Secara epistemologis, ada dua syariat Islam yang perlu dan penting untuk kita ketahui di tengah darurat wabah covid-19 ini. Pertama, pentingnya ketaatan terhadap pemerintah (umara’). Kedua, pentingnya menjaga keselamatan jiwa (hifzhu al-nafs). Dua aturan etis ini sebetulnya berkesinambungan, saling mengikat dan keduanya penting untuk dilakukan. Karena mengacu ke dalam wilayah (kemaslahatan) yang terbangun. Sebagaimana titik-temu tujuan syariat Islam itu sendiri.
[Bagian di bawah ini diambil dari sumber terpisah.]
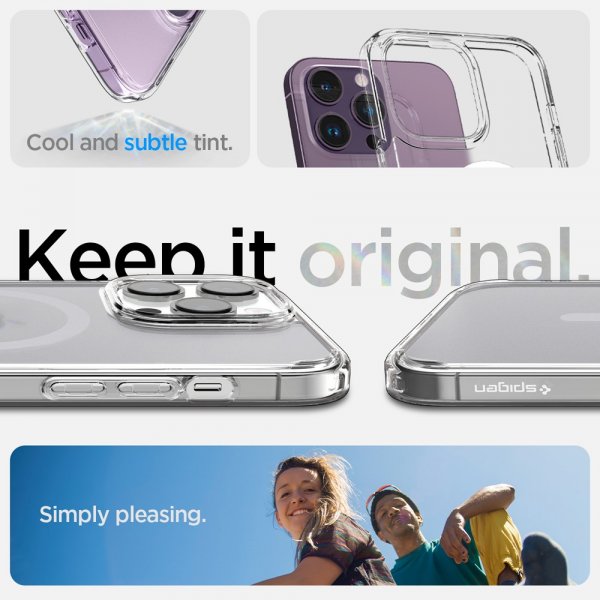 Spigen iPhone 14 Pro Cover Ultra Hybrid MagFit Frost Clear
Pertama, Islam dalam Al-Qur’an meniscayakan etimologi hukum “Ati’ullah wa’atiurasul-waulilamri mingkum” (An-Nissa:59) yaitu meniscayakan “kata” (jalan keselamatan) dengan taat kepada Allah SWT, Kepada Rasulullah dan terakhir kepada (pemerintah). Dalam konteks menghadapi wabah covid-19, tentu sebagai (kewajiban) seorang pemimpin atau pemerintah berupaya semaksimal mungkin (mencari-solusi) agar menyelamatkan umat dari ancaman kesehatan dan keselamatan di tengah penularan virus tersebut.
Maka, sangat logis apa-bila pemerintah membuat kebijakan layaknya Pemberlakuan Pembatasan Kegiatan Masyarakat (PPKM) dari tanggal 3 Juli 2021-20 Juli 2021, khususnya daerah Jawa-Bali. Karena, secara medis, ini dapat menghindari penularan covid-19 di dua daerah tersebut yang kini tengah menggila penularan-nya. Karena, ancaman kesehatan dan keselamatan masyarakat benar-benar (darurat) dalam arti pemahaman, perlu kebijakan yang demikian untuk mengembalikan keadaan.
Kedua, Al-Qur’an selalu menitik-berat-kan kita ke dalam perilaku yang selalu menjaga keselamatan jiwa (hifzhu al-nafs). Sebagaimana dalam potongan ayat Al-Qur’an surat (Al-Maidah: 32) “Waman Ahyaha faka’annama ahyannasaah jami’ah”. Tentunya, ayat ini secara reflektif, jika dibaca dalam konteks situasi yang sedang kita hadapi, yaitu menghadapi wabah covid-19 yang mudah menular secara generic. Maka, memelihara kehidupan seorang manusia (jaga keselamatan) dengan kita tetap mengikuti protokol kesehatan: seperti menggunakan masker, melakukan vaksinasi dan merespons positif kebijakan pemerintah layaknya PPKM, maka hal demikian adalah cara kita menjaga keselamatan banyak umat manusia. Sebagaimana dari tujuan syariat Islam tersebut.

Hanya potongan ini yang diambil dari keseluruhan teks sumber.